High-resolution bioinformatics

Cluster-free filtering (CFF) of 16S data

The standard approach to analyzing 16S "tag sequence" data (think QIIME…), which relies on clustering reads by sequence similarity into Operational Taxonomic Units (OTUs), underexploits the accuracy of modern Illumina sequencing. I used a publicly available dataset to demonstrate that even single-nucleotide differences are ecologically relevant and can be meaningfully interpreted, and developed a single-nucleotide resolution methodology for analyzing multi-sample datasets (cluster-free filtering; CFF). Thanks to a collaboration with Robert Leach, a programmer, this method was implemented and made available as a professionally interfaced command-line tool.

Cluster-free filtering

CFF is no longer actively developed and has since been superseded by Ben Callahan's DADA2, which is a wonderful tool that everyone should be using. (Check out his paper in Nature Methods; and also the works by Meren that go way beyond 16S). However, at the time of publication, CFF was the first high-resolution method that was fully automatic and could handle a large (MiSeq-sized) dataset in a reasonable time, and served as my ticket into the high-resolution bioinformatics community.

 

MT, Robert W Leach, and Ned S Wingreen (2015).“Interpreting 16S metagenomic data without clustering to achieve sub-OTU resolution.” ISME J 9: 68-80.

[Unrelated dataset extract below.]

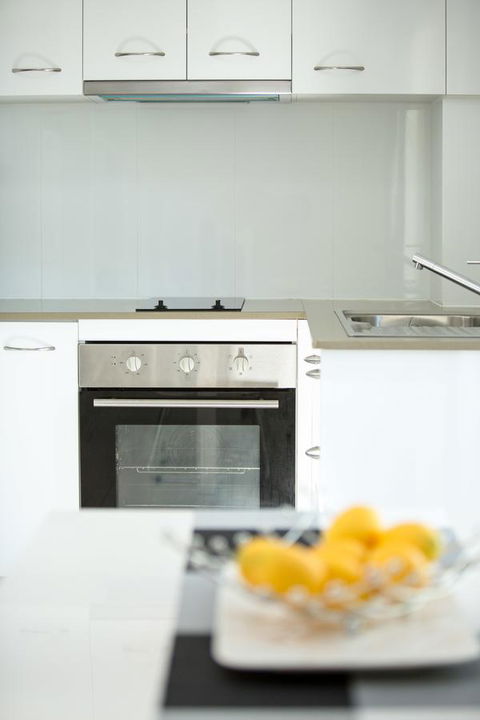 Byron Central Apartments - Holiday Adelaide 6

Diet effects on gut microbiota in mice

Looking at data through a better magnifying lens invariably reveals something new, and I was fortunate to develop collaborations with many excellent experimental groups this way. In particular, the Sonnenburg lab (Stanford) investigated how the ability of a mouse gut community to digest dietary fiber declined over generations due to diet-induced extinctions. High-resolution sequence analysis revealed extinction events continuing throughout the 4-generation experiment. The result of this study is an intriguing example of (predictable) evolution of a macroscopic functional property by means of (less predictable) compositional reorganization.

Other collaborations are ongoing; check back for updates! And I am always open for more; feel free to contact me.

Sub-OTU analysis of mouse gut community dynamics
 

ED Sonnenburg, SA Smits, MT, SK Higginbottom, NS Wingreen, JL Sonnenburg (2016). “Diet-induced extinctions in the gut microbiota compound over generations.” Nature 529: 212-215.